_What to produce_: The records below are to be output exactly, except for their pictures.
....
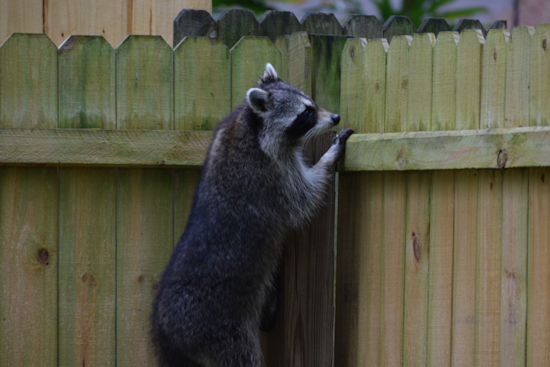 Douglas County Health Department Alerts Residents of Rabies Risk From Encounters with Local Wildlife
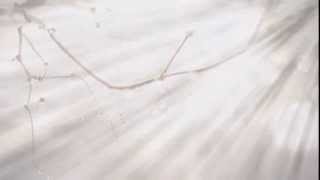 ملحقات برنامج  ProShow Gold screenshot 1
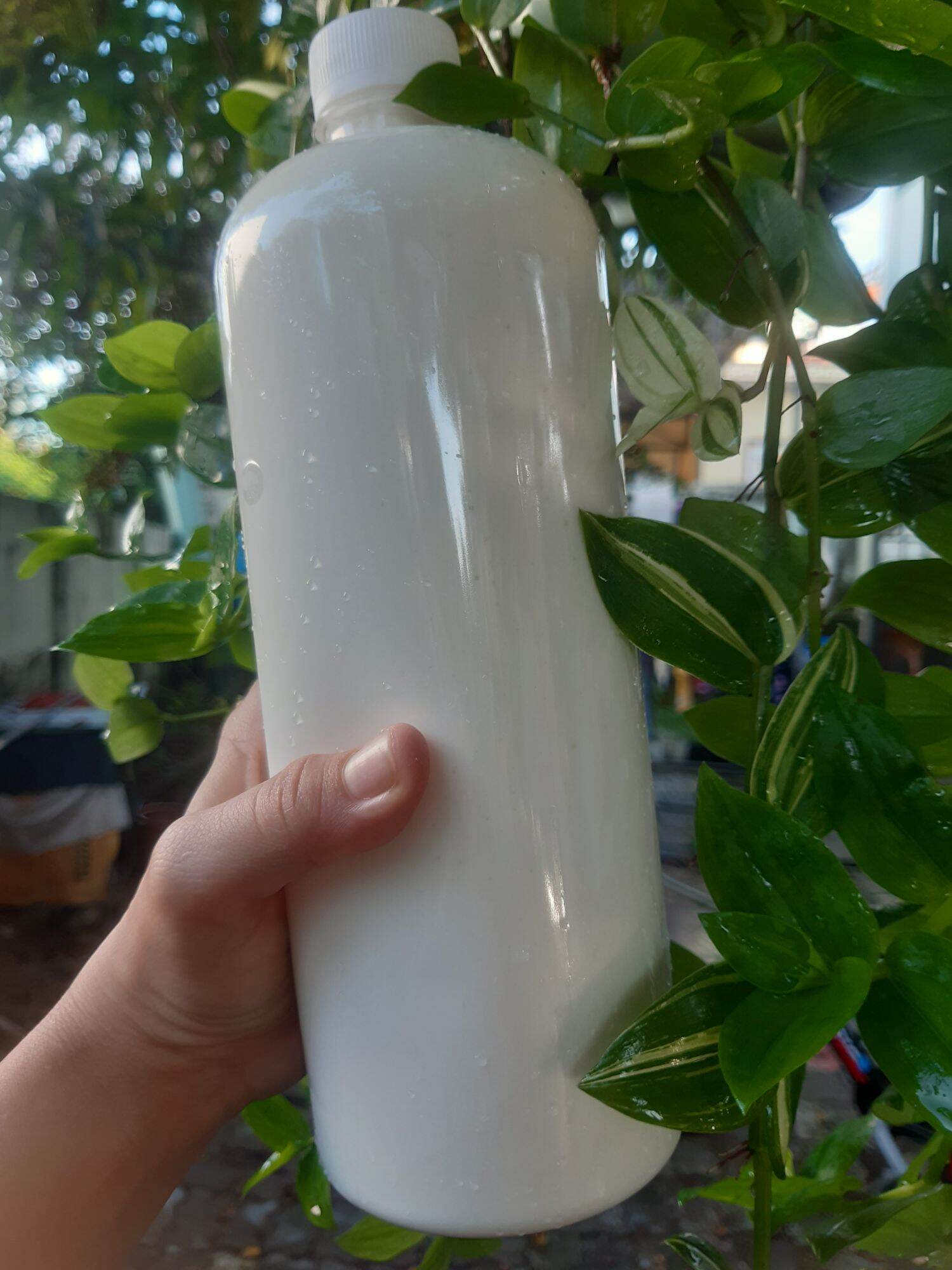 sữa chua matsoni ( men làm sữa chua)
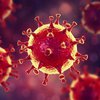 Древний коронавирус: ученые совершили сенсационное открытие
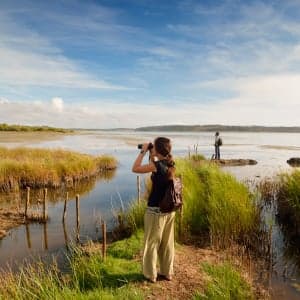 The rise of millennial, urban-dwelling birders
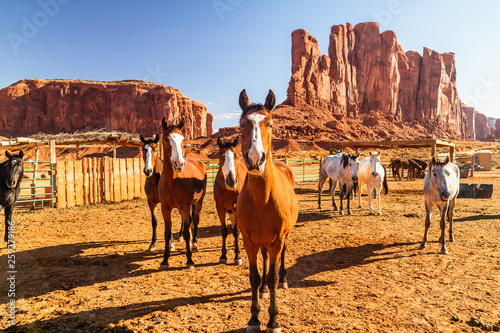 Beautiful Horses in Pen in Monument Valley  Elephant Butte Rock in Background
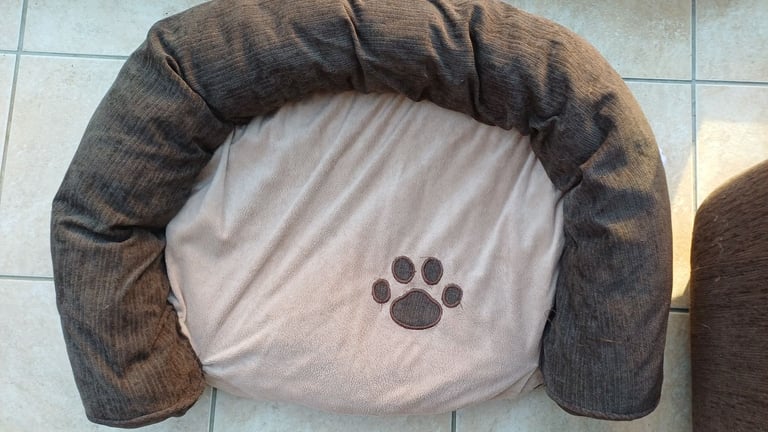 Cat beds, caves, blankets, grooming, scratch posts,litter tray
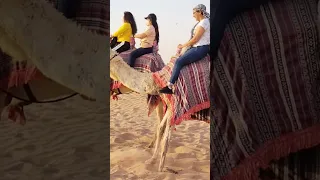 #camel #riding #ride #camels #enjoy #experience #happy #moments #desert #desertsafari #happiness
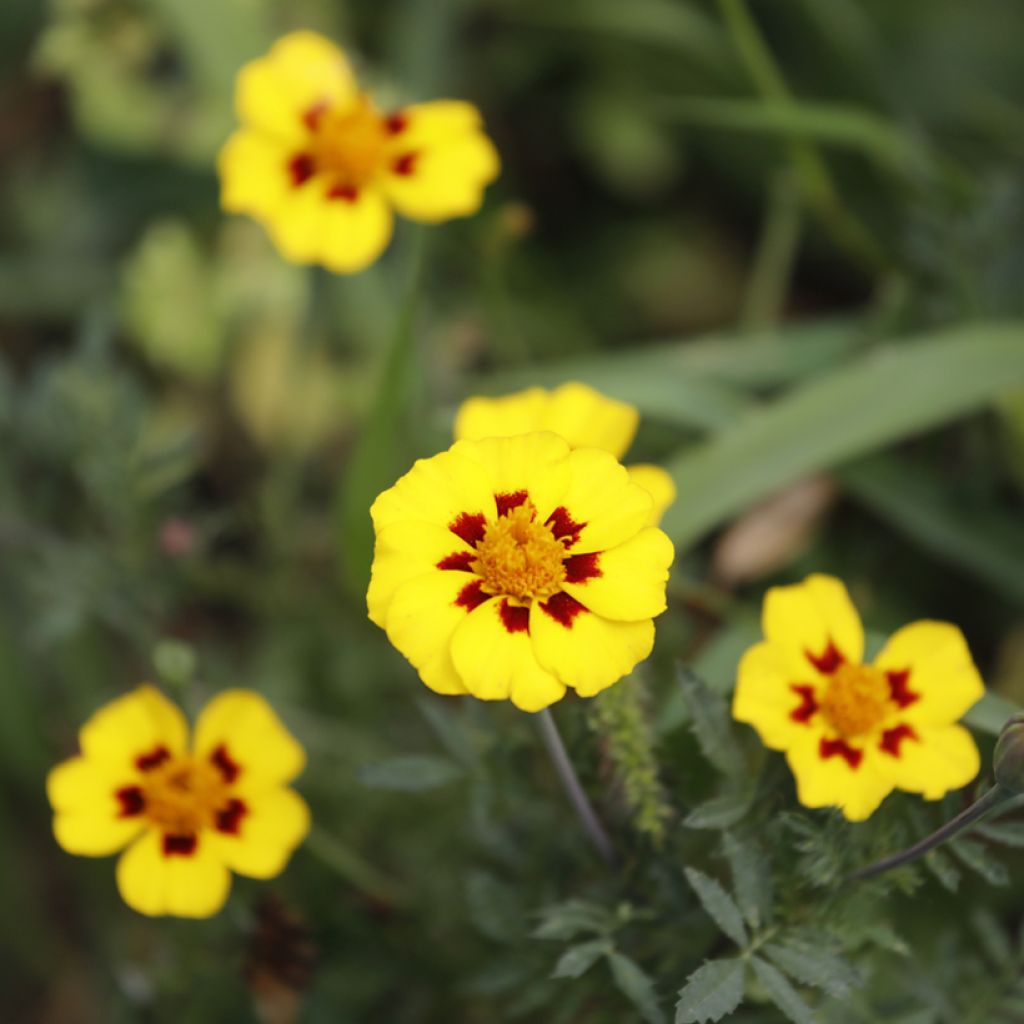 Tagetes patula Légion d'Honneur - Rose d'Inde, Tagète rose d'Inde, Tagète érigé
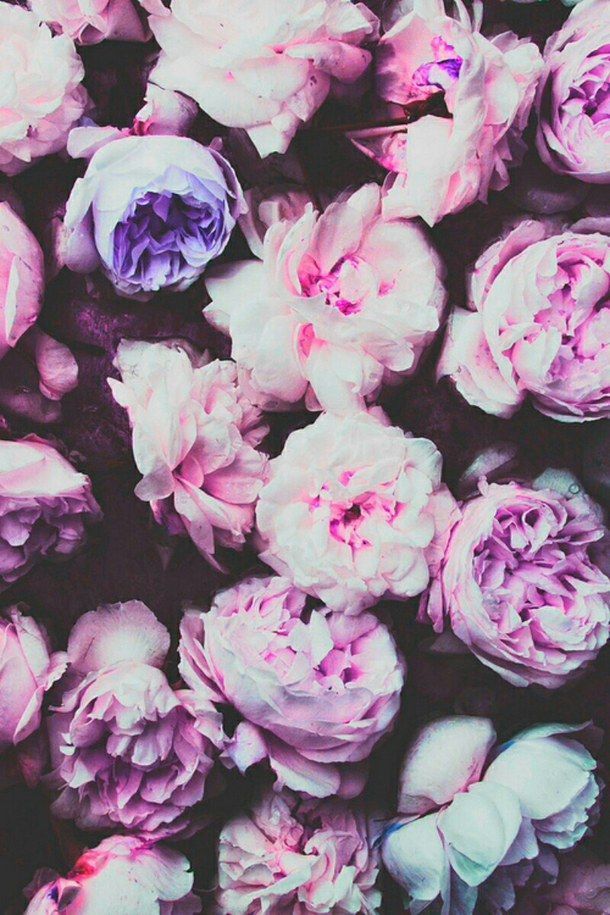 12 Absolute wallpaper iphone tumblr flower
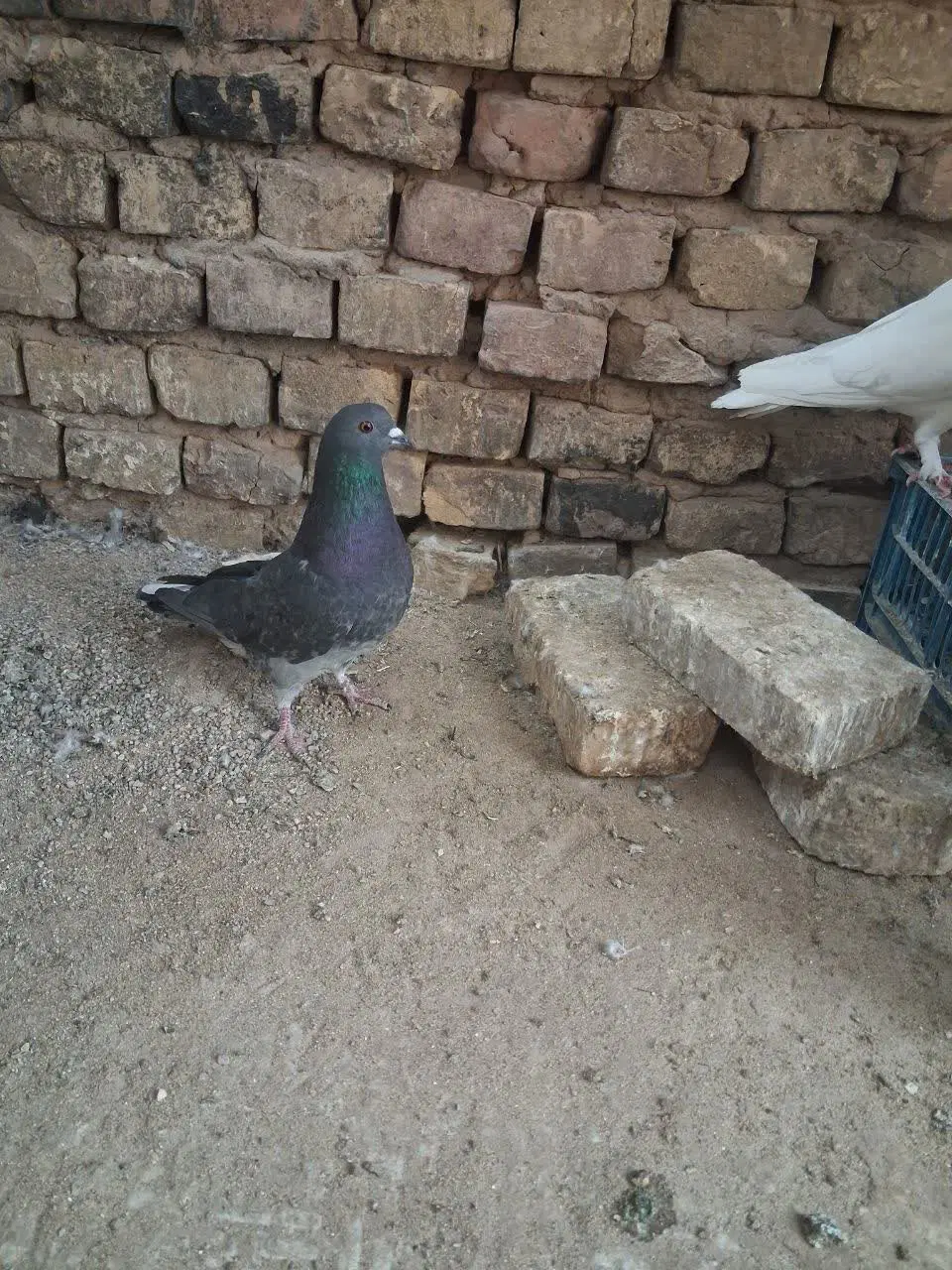 کفتر|پرنده|یزد, |دیوار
....
_Response to the task_:
 Douglas County Health Department Alerts Residents of Rabies Risk From Encounters with Local Wildlife
 ملحقات برنامج  ProShow Gold screenshot 1
 sữa chua matsoni ( men làm sữa chua)
 Древний коронавирус: ученые совершили сенсационное открытие
 The rise of millennial, urban-dwelling birders
 Beautiful Horses in Pen in Monument Valley  Elephant Butte Rock in Background
 Cat beds, caves, blankets, grooming, scratch posts,litter tray
 #camel #riding #ride #camels #enjoy #experience #happy #moments #desert #desertsafari #happiness
 Tagetes patula Légion d'Honneur - Rose d'Inde, Tagète rose d'Inde, Tagète érigé
 12 Absolute wallpaper iphone tumblr flower
 کفتر|پرنده|یزد, |دیوار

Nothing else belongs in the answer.